Architecture world is quite strangely a small world. What comes round will come round. People could spread words even faster than sharing knowledge. If we have strong character and believe in our core values, it will protect everything in our life that we dearly hold onto.
OWN YOUR FREEDOM
In the studio years, we have the freedom to express and utilise our own idea and develop the confidence to stand against lecturers defending our design. In the real world we need stronger self-confidence to propose any idea simply because we are "lack of experience". This simple reason will lock our freedom.
It is true that experience is gained over the years. But don't let it stop our imagination. We may know nothing but we are ready to learn everything. We can fill the gap of inexperience by reading, going to seminars, taking short courses or simply by asking questions. If we think our lecturers drove us to the wall with too many things to learn, I guess in real practice we need to learn even more. The only difference is nobody will force us to learn. Expanding our knowledge helps build our confidence.
Never wait for opportunity to arise. Sometimes we need to take the initiative. For many of us we won't be able to meet and consult our clients before we reach our senior years in practice. Our whole time waiting for that opportunity equates to losing our momentum. Be initiative by providing free design advice to our neighbours or friends and we never know other doors of opportunity this will open to.
Another way to own our freedom is to identify and overcome our fear. Sometimes we don't even realise of the fear growing inside us that hinders us from embracing new challenges. One example, we will gain more money when we work, and so will our spending and in worse cases stretching ourselves into more debt (study loan, car, home mortgage, credit card, etc). Having more debts will increase our fear of losing jobs (income) especially during the recession. We keep on staying in the same firm even though we are not satisfied with many issues (because we are scared of confronting and debating the issues). The worst thing is when we even sacrifice our core value and principles. By reducing debts (thus gaining financial freedom) and having sufficient fund to survive without a permanent job will free us from the fear of losing jobs. The only fear worth having is the fear of punishment from God for our sins.
Idea and knowledge are a part of God's property, never hold it to ourselves, and share it whenever possible. To hide away knowledge for the sake of personal security will only lock us from the freedom of learning more.
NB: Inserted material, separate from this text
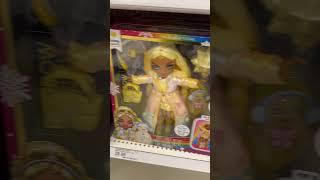 Toy Thursday - Doll Hunting - Rainbow High Winter Wonderland Dolls - The Makeup Is Super Cute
This letter is equally a reminder to myself. When recession hits UK, I have seen many dreams ruined and shattered. Many people have been put out of work, even those at authoritative post like directors are not safe from this unfortunate fate and many firms collapsed. People put out their values just to keep on earning. It made me realised how fragile and vulnerable our profession is and the urgency of preparing oneself spiritually and financially.
That's all for now, I just hope my two-pence story would be of good value for your time. I hope that I could live longer to see one or more of your batch becoming legendary architects; Architects who bring hopes and create changes to make the world a better home for all.
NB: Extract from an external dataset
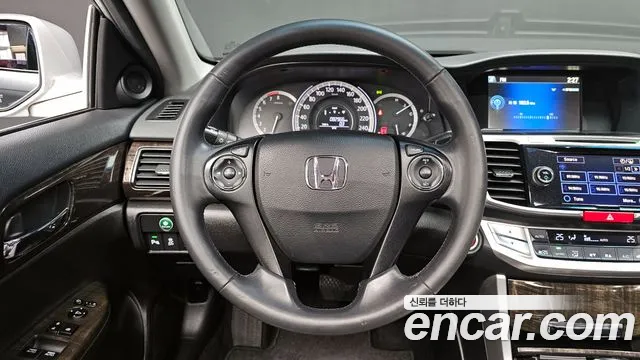 Honda Accord 2015 — фото 13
I would like to share the final note from Sir Richard Branson in his book Screw It, Let's Do It (Virgin Books 2006):
"A journey of a thousand miles starts with that first step. If you look ahead to the end, and all the weary miles between, with all the dangers you might face, you might never take that first step. And whatever it is you want to achieve in life, if you don’t make the effort, you won’t reach your goal. So take that first step. There will be many challenges. You might get knocked back – but in the end, you will make it. Good luck!"
May God accompany you in your journey.